- WHAT IS BEING ASKED -
Where does the string "após" occur in the records? Copy each line that holds it.
= Beginning of Section =
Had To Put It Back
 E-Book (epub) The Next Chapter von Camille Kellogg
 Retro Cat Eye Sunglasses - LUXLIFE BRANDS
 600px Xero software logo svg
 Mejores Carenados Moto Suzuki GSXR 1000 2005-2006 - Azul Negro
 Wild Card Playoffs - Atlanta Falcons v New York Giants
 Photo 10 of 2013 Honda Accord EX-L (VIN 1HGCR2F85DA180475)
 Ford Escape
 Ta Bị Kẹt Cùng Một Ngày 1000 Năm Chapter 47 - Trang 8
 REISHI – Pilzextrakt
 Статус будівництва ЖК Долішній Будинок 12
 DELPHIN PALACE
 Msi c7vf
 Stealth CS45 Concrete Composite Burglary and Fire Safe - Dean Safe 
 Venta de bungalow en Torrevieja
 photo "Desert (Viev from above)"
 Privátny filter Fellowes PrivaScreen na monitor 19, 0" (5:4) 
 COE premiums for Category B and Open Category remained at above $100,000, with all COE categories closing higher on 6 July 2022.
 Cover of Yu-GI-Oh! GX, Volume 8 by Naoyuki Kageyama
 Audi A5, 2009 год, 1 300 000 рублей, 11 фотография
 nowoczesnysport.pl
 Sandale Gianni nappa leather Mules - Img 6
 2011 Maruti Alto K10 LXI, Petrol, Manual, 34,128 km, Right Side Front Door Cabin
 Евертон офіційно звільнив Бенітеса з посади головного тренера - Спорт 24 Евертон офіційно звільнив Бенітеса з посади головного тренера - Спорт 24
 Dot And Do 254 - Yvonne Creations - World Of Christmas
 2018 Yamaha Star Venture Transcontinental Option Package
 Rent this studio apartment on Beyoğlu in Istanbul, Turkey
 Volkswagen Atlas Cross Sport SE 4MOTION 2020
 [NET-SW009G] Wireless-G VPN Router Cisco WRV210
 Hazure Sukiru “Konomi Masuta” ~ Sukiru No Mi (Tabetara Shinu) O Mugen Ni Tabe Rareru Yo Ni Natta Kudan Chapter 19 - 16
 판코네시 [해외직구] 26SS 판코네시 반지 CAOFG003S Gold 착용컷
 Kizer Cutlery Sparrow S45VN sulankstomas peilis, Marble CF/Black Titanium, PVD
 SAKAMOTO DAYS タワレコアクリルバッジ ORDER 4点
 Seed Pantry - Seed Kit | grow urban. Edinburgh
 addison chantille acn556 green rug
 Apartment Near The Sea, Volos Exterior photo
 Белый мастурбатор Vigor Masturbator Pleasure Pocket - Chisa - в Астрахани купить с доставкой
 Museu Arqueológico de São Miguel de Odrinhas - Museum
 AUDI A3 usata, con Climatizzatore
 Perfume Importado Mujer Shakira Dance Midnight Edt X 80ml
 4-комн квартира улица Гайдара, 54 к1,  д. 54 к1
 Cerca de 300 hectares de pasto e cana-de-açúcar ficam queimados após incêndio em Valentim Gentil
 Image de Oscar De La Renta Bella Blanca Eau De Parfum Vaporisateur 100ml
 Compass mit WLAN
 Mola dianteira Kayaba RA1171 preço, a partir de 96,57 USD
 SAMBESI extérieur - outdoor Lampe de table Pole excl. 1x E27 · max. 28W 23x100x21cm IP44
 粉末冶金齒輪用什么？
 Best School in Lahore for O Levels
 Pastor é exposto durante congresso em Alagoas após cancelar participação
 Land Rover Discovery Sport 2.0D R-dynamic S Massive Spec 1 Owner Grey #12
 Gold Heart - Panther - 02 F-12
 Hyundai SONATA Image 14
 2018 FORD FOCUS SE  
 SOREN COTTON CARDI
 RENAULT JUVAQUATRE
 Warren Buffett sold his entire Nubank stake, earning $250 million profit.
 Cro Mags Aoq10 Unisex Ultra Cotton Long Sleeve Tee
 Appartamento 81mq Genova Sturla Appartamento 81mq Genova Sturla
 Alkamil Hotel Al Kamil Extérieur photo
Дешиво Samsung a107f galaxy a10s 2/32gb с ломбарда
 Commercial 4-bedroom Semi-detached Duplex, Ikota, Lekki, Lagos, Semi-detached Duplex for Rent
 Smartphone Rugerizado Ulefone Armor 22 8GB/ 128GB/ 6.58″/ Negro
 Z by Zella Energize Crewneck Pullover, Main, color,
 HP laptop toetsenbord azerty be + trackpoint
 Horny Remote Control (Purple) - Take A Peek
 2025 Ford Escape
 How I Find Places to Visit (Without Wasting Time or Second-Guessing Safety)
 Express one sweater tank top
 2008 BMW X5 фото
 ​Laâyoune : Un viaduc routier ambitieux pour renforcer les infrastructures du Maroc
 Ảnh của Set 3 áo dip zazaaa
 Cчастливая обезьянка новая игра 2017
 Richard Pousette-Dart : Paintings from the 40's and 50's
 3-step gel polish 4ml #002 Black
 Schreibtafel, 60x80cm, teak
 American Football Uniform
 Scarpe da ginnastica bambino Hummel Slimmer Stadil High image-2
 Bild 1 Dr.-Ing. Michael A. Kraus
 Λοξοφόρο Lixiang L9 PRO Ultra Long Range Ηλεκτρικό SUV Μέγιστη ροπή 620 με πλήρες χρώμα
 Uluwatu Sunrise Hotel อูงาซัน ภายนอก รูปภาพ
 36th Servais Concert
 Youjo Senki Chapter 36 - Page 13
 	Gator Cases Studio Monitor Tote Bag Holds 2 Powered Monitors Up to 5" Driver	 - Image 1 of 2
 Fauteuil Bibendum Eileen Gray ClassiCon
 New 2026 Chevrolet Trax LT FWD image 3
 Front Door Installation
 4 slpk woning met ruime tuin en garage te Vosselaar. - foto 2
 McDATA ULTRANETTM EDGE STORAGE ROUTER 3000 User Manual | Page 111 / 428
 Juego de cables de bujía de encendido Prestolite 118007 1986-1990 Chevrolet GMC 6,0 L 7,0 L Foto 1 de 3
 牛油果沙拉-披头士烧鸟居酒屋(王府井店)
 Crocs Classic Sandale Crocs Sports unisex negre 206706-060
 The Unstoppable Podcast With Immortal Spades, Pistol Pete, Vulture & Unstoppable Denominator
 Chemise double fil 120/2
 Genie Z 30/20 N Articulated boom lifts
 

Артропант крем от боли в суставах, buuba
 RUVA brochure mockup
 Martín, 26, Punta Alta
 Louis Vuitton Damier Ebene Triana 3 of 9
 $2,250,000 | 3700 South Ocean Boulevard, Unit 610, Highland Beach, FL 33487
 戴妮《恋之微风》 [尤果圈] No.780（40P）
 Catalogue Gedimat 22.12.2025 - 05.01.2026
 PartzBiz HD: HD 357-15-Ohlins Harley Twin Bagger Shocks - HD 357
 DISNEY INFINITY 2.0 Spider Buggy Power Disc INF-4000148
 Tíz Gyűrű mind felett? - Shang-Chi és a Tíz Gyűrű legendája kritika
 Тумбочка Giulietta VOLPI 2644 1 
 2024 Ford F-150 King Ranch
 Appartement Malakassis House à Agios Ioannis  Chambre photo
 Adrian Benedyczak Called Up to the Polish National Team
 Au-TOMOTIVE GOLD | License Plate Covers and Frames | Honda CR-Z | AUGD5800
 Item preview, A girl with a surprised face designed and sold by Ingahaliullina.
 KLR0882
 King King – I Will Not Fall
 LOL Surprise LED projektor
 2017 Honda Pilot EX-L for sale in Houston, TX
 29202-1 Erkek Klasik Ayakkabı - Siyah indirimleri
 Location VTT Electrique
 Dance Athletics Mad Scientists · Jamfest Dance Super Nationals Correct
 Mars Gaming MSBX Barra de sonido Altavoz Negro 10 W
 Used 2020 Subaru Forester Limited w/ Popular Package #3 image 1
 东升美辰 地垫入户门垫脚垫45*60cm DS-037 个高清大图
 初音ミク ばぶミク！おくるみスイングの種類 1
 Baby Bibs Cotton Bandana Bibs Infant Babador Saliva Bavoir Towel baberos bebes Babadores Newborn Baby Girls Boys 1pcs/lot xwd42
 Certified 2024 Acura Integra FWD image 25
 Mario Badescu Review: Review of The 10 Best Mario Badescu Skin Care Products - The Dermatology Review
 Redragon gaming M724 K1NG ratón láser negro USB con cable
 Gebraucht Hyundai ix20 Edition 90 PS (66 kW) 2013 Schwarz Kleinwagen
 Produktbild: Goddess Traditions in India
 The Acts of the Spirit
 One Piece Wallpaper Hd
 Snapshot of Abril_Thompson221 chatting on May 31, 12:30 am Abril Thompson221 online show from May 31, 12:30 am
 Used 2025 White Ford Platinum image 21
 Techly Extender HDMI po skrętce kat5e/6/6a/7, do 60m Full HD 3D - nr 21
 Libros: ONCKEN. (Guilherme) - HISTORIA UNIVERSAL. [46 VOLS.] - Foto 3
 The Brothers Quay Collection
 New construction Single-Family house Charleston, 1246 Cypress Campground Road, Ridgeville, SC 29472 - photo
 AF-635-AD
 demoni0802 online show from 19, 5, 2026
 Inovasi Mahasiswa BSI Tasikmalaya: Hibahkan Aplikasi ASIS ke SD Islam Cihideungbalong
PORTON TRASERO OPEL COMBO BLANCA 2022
= End of Section =
- OUTPUT BELOW -
 Cerca de 300 hectares de pasto e cana-de-açúcar ficam queimados após incêndio em Valentim Gentil
 Pastor é exposto durante congresso em Alagoas após cancelar participação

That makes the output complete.